Indeed. But right here at MeFi, aside from this excellent post from amyms, there's a taste of some of Nigeria's more positive offerings just a few doors down.

Also, Batá drum and dance of the Yoruba, Nigeria, West Africa.
posted by flapjax at midnite at 1:50 AM on June 5, 2008


This is extremely cool!

And meh, to all those people who only think of scams, and never bothered to learn about Nigeria's particularly great contributions to world culture through art and literature.

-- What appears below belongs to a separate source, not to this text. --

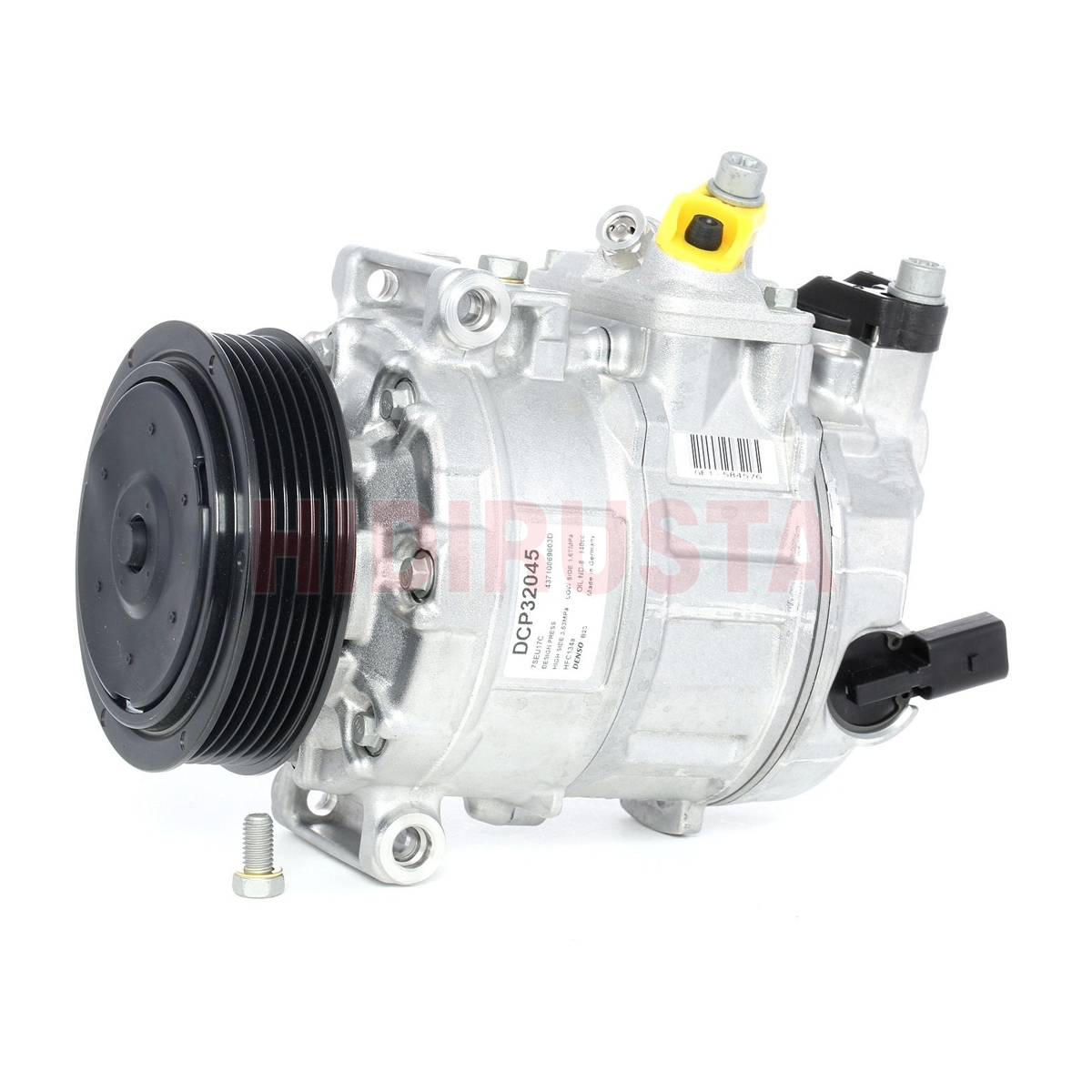 Klima Kompresörü Vw Golfv,Vı Jetta Craf Cadyııı A3 | OEM 1K0820859C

Onitsha Market literature is a predecessor to the works produced by Achebe, Soyinka, Cyprian Ekwensi, Christopher Okigbo, and Chimamanda Ngozi Adichie, who recently won the Orange Book Prize.
posted by honest knave at 2:58 AM on June 5, 2008


I agree with speug - this post is indeed charming - thanks, amyms!

When you say "Nigerians," my first thought is King Sunny Ade - a highly positive and joyous association.
posted by madamjujujive at 8:19 AM on June 5, 2008


Great post, and I second the scam-related "meh." (I think of both Okigbo and Sunny Ade!)
posted by languagehat at 9:53 AM on June 5, 2008


Ja Fumni
posted by vronsky at 1:31 PM on June 5, 2008


This book is a good compilation.
posted by pinothefrog at 3:42 PM on June 5, 2008


Not to derail, but the "Nigerians in America" forum linked above is pretty interesting. Particularly some posts/threads in the "Immigrant Life" subforum about what Nigerian-Americans think about 419 scammers ruining their country's reputation. Here's one good post:

MrsKenna no mind them jare. All na jealousy.Only a fool wakes up in the morning to call a guy Tarzan and by evening he is crying he has been cheated out of his savings by a latest high tech means by the same guy who was thought to be hopping from tree to tree!